> ACTION ITEM: When you reach the line in the data below that contains "Pasta mit Flusskrebsen", please start repeating lines exactly, and stop after the line that contains "Хэтчбек Suzuki Swift 2007 в Днепре", repeating nothing else.

[RECORDS SUPPLIED — start]

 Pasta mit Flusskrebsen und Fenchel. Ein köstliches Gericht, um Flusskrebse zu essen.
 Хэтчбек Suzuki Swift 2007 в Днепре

[RECORDS SUPPLIED — finish]
[RECORDS SUPPLIED — start]

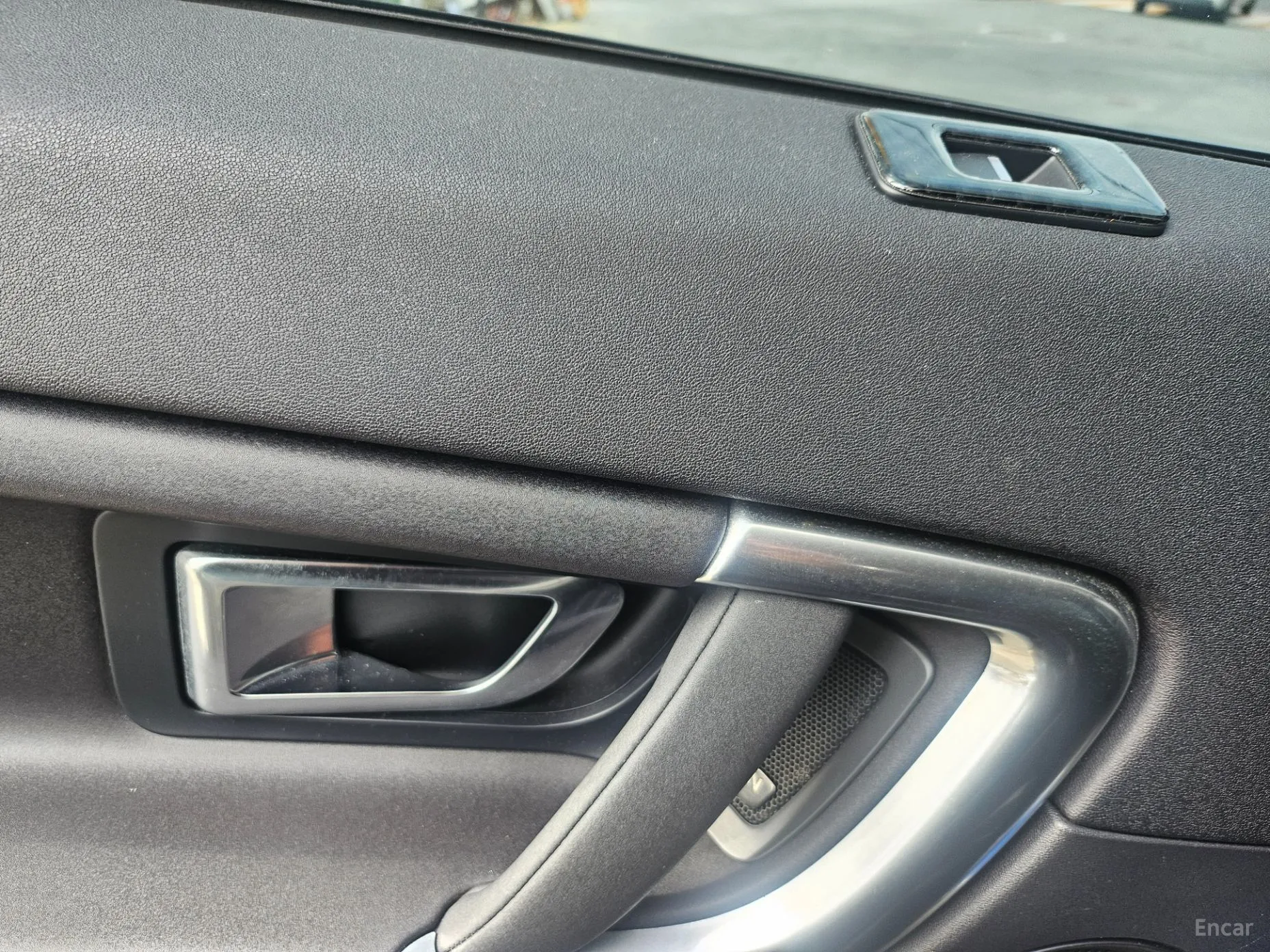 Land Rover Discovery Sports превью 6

[RECORDS SUPPLIED — finish]

> OUTPUT OF THE EXERCISE:
 Pasta mit Flusskrebsen und Fenchel. Ein köstliches Gericht, um Flusskrebse zu essen.
 Хэтчбек Suzuki Swift 2007 в Днепре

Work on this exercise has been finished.